You have a lifetime of a seemingly challenging relationship with your mother especially over your H's MLC. Could it be possible that her lack of support and care for your pain and hurt in the early days after BD was so damaging that it  continues to have an impact on you now.  And when your H shuts you out - you "re-live" it  even though it's not a conscious decision.
.

I have done much therapy and work on this and I truly "thought" it was 90% healed and for some reason , it has returned in full force.
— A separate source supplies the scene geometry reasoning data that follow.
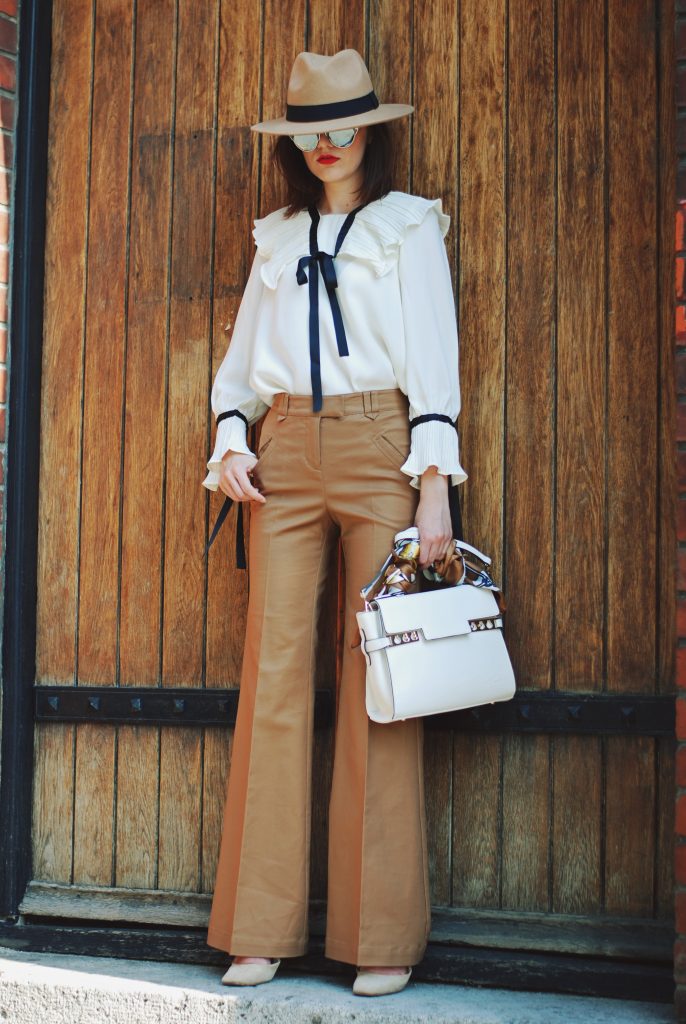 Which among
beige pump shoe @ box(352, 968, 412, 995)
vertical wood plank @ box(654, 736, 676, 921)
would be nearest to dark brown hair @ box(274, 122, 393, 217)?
vertical wood plank @ box(654, 736, 676, 921)

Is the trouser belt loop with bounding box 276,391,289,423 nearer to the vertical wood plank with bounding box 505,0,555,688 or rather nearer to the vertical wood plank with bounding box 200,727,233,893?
the vertical wood plank with bounding box 505,0,555,688

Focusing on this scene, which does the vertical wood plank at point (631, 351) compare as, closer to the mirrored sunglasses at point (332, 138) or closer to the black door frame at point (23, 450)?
the mirrored sunglasses at point (332, 138)

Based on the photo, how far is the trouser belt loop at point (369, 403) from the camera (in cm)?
229

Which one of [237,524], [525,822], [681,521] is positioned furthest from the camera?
[237,524]

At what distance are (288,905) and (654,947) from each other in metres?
0.72

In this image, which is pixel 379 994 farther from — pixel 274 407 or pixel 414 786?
pixel 274 407

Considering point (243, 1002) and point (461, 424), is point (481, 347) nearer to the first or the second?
point (461, 424)

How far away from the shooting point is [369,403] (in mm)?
2291

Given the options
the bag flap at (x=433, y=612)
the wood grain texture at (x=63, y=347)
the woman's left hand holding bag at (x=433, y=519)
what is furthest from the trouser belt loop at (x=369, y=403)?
the wood grain texture at (x=63, y=347)

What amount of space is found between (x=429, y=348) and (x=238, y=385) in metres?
0.44

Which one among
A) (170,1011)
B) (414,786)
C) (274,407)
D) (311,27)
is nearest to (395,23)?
(311,27)

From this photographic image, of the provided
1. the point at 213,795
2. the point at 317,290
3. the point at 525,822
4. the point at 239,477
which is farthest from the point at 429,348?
the point at 213,795

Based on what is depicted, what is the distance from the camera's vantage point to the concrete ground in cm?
211

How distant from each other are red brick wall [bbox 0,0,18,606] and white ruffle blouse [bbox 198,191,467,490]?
582mm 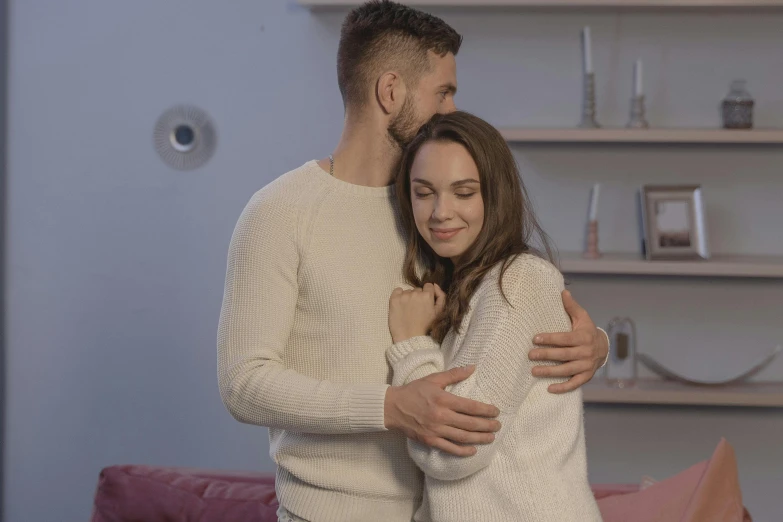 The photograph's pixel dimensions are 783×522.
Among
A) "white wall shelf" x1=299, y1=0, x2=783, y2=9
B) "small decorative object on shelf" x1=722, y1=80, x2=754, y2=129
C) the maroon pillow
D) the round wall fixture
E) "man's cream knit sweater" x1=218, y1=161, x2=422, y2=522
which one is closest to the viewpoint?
"man's cream knit sweater" x1=218, y1=161, x2=422, y2=522

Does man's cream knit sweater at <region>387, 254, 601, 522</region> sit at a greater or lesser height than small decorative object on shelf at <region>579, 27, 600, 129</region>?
lesser

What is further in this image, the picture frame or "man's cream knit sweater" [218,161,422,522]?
the picture frame

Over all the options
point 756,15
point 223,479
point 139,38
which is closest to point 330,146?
point 139,38

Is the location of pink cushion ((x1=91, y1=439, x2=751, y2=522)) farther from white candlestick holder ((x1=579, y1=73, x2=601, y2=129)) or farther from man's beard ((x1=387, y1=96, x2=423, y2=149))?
white candlestick holder ((x1=579, y1=73, x2=601, y2=129))

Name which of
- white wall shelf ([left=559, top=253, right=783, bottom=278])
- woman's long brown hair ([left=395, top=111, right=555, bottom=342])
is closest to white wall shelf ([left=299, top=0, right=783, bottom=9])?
white wall shelf ([left=559, top=253, right=783, bottom=278])

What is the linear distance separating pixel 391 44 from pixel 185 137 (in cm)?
153

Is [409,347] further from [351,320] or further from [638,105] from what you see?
[638,105]

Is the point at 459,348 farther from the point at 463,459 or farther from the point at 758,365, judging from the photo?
the point at 758,365

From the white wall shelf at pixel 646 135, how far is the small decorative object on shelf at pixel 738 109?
9cm

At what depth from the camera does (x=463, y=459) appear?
129cm

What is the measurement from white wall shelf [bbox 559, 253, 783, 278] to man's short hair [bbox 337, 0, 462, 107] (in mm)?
1184

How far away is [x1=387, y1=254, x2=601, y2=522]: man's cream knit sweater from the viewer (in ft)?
4.31

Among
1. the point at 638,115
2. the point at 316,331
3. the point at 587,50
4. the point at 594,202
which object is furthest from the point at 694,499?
the point at 587,50

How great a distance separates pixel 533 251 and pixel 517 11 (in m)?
1.54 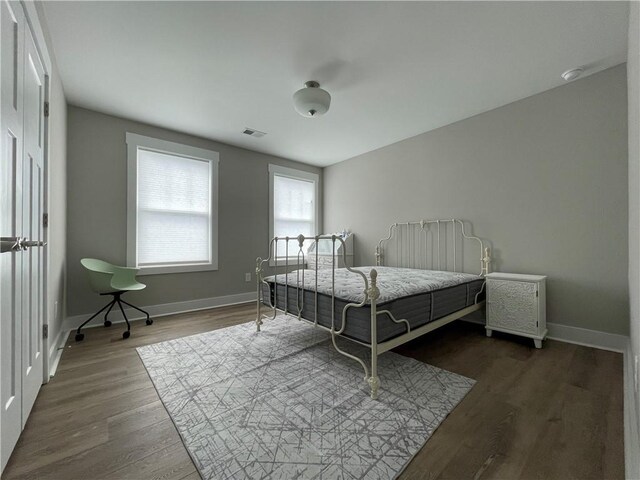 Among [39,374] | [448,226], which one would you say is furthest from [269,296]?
[448,226]

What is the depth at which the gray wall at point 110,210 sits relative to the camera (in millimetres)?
2775

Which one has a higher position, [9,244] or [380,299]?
[9,244]

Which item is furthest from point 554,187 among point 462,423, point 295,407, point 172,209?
point 172,209

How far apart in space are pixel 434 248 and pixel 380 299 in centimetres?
197

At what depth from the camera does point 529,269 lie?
260 cm

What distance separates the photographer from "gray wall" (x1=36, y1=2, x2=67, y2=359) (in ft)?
6.26

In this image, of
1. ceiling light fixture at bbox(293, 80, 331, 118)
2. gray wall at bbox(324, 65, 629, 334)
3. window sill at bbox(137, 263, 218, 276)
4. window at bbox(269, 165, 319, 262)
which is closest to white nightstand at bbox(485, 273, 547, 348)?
gray wall at bbox(324, 65, 629, 334)

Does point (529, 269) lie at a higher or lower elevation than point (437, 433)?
higher

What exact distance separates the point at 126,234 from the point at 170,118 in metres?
1.42

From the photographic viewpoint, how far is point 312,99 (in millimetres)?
2246

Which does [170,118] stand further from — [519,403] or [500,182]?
[519,403]

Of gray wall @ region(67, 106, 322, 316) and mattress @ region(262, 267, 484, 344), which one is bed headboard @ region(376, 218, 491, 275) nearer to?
mattress @ region(262, 267, 484, 344)

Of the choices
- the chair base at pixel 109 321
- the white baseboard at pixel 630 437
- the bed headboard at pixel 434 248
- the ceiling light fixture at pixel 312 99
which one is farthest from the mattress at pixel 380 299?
the ceiling light fixture at pixel 312 99

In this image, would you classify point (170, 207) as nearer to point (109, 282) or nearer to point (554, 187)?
point (109, 282) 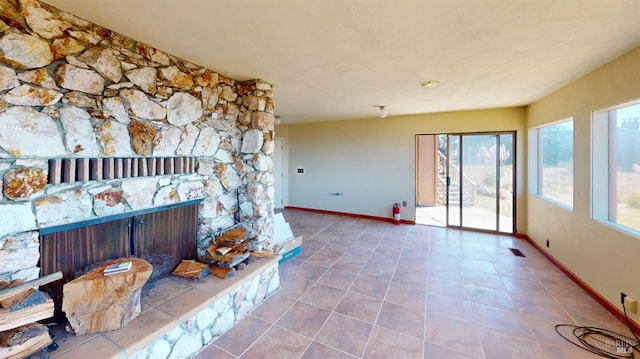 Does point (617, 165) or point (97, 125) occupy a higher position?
point (97, 125)

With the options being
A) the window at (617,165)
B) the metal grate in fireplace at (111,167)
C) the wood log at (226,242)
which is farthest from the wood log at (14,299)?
the window at (617,165)

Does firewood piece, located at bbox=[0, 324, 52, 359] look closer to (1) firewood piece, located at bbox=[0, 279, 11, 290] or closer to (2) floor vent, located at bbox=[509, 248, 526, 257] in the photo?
(1) firewood piece, located at bbox=[0, 279, 11, 290]

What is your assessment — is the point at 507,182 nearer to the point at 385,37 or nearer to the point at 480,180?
the point at 480,180

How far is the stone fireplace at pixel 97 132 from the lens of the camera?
4.72 ft

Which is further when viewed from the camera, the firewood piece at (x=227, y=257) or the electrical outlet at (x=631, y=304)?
the firewood piece at (x=227, y=257)

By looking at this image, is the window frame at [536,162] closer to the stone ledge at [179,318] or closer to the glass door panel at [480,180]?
the glass door panel at [480,180]

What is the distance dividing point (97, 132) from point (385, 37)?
2.22m

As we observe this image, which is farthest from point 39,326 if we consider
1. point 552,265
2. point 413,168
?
point 413,168

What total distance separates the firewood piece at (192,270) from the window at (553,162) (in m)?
4.38

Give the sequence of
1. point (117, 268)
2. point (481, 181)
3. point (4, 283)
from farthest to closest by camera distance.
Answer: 1. point (481, 181)
2. point (117, 268)
3. point (4, 283)

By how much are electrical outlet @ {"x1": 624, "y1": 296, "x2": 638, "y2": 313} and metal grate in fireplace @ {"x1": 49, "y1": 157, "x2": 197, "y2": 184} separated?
13.3 feet

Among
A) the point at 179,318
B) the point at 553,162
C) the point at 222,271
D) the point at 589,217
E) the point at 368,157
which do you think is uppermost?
the point at 368,157

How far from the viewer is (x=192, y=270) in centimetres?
226

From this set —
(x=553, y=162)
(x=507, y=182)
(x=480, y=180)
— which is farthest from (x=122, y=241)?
(x=507, y=182)
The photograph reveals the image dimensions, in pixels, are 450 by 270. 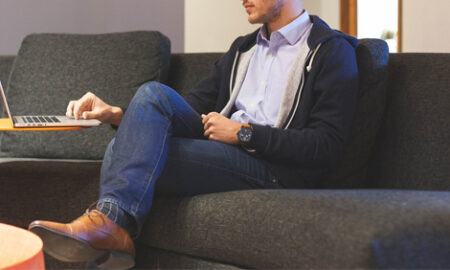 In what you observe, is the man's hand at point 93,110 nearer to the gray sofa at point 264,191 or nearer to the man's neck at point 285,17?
the gray sofa at point 264,191

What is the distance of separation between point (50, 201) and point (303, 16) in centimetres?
99

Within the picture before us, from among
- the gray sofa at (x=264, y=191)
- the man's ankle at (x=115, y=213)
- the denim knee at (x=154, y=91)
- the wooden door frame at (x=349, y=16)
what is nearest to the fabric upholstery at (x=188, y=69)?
the gray sofa at (x=264, y=191)

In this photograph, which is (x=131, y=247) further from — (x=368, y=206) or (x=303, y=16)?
(x=303, y=16)

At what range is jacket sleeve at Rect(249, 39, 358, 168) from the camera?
5.31 ft

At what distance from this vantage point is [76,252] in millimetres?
1392

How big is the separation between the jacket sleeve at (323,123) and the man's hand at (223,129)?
0.19 ft

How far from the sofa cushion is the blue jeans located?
737mm

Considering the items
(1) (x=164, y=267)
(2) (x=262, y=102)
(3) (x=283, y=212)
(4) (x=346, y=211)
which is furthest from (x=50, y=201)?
(4) (x=346, y=211)

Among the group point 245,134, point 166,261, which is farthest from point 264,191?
point 166,261

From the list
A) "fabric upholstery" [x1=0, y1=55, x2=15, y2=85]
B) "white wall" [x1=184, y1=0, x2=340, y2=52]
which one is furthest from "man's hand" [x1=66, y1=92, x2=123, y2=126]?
"white wall" [x1=184, y1=0, x2=340, y2=52]

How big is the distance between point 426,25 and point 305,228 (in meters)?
1.82

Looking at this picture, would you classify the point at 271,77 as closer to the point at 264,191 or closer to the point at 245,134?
the point at 245,134

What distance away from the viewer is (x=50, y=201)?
1.90m

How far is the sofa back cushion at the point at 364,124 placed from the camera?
1.78m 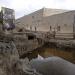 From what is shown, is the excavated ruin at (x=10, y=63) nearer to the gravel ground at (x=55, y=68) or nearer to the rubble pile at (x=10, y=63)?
the rubble pile at (x=10, y=63)

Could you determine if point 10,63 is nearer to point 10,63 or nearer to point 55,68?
point 10,63

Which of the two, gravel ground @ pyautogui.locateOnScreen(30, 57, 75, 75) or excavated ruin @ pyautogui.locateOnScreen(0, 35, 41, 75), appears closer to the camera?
excavated ruin @ pyautogui.locateOnScreen(0, 35, 41, 75)

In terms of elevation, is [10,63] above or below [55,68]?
above

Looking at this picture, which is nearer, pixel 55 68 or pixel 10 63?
pixel 10 63

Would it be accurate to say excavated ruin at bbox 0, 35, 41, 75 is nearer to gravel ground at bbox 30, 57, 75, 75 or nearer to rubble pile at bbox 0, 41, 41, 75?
rubble pile at bbox 0, 41, 41, 75

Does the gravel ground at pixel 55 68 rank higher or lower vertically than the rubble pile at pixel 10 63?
lower

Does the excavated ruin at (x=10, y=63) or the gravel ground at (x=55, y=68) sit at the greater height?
the excavated ruin at (x=10, y=63)

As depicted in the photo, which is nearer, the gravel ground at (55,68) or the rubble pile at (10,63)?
the rubble pile at (10,63)

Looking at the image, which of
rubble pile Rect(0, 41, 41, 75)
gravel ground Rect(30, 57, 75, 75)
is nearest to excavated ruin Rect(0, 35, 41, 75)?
rubble pile Rect(0, 41, 41, 75)

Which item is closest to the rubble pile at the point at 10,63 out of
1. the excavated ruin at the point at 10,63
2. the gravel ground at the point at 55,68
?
the excavated ruin at the point at 10,63

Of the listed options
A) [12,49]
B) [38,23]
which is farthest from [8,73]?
[38,23]

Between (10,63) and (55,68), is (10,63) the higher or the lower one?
the higher one

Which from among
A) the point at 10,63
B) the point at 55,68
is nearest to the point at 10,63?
the point at 10,63

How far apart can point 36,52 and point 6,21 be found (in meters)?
3.44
I have a VERY rejecting distant mother  that I was never able to truly have a bond with. She did not like me much . The word I use is she was always " exasperated" with me . Always. And then she just walked away and was silent ...slamming cupboards and things. Silent cold withdrawal of anything. Sometimes she would not talk to me for days.  I don't know why. She was not as much like this to my sister. My H does the same behaviours with his avoidance . This reactivity is no way to live ...trust me the pain and anxiety is deep. I still need work to heal this and I am just not sure it will ever be possible.  And changing him?  Well, its obvious that is not possible either...so it feels like a very painful trap.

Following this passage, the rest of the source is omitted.